I’d now like to post something about the inspiration for this whole series on authentication. I’m not done with DomainKeys, I still have to post a little bit on DKIM and one other authentication mechanism, and then this series will be done. But I need to boast about one of my achievements.
Back in June, a customer called us up and complained that spoofs were getting through. They were getting messages "from" the organization that were actually from spammers. The SPF check was failing, said the caller.
It turns out, what the spammers were doing was spoofing a MAIL FROM header with a domain that doesn’t do SPF (such as Yahoo) and then putting the organization’s domain in the From: address in the message headers. So, what was happening is that the SPF check was returning SPF None and the message was tricking their users into thinking that they were receiving mail from the inside, when in fact it was a spammer trick.
We didn’t have much defense for this accusation. SPF doesn’t cover the From: address, but it was the one that needed to be protected. The customer complained that they had SPF records set up but spammers were evading our authentication mechanism and that they were unhappy about this. I had nothing to say, they were right. What do we do?

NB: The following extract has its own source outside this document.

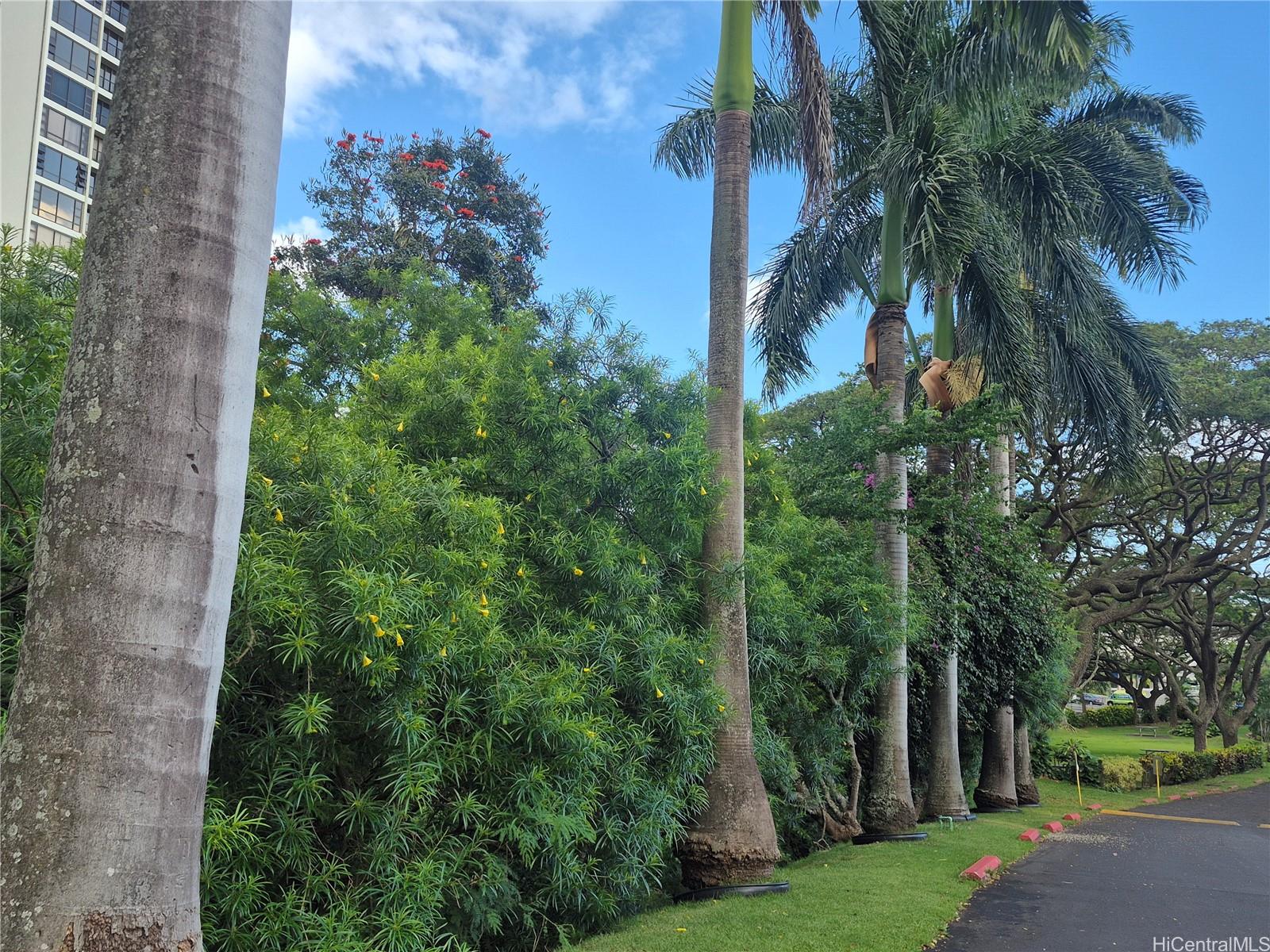 98-1042 Moanalua Road, Unit 2201 Aiea, HI 96701 - Photo 20 of 22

I looked into SenderID (at the time I didn’t understand DomainKeys or DKIM). SenderID protected against spoofing the From: and Sender: address, depending on one’s implementation. But, I resisted actually implementing SenderID. For one thing, I think that our entire platform is going to move to Exchange Edge in the future, so we get SenderID for free (that is, it is built into Exchange). I didn’t want to duplicate the effort. For another thing, I wasn’t sure I wanted to move off of SPF onto SenderID. I understood the performance and risks, as well as the limitations, of SPF. I didn’t know the risks so well with SenderID. I wasn’t sure I wanted to substitute one for the other.
That night, and for the next few days, I went home and poured over the documentation for SPF and SenderID. That is when I started doing this blog series. I then came up with a solution that internally we have dubbed From Address Authentication. In writing this post, I think I need a better name because the acronym for the original name is FAA, which collides with the government namespace. Since I invented our solution, I am going to call it Terry’s Message Authentication, or TMA.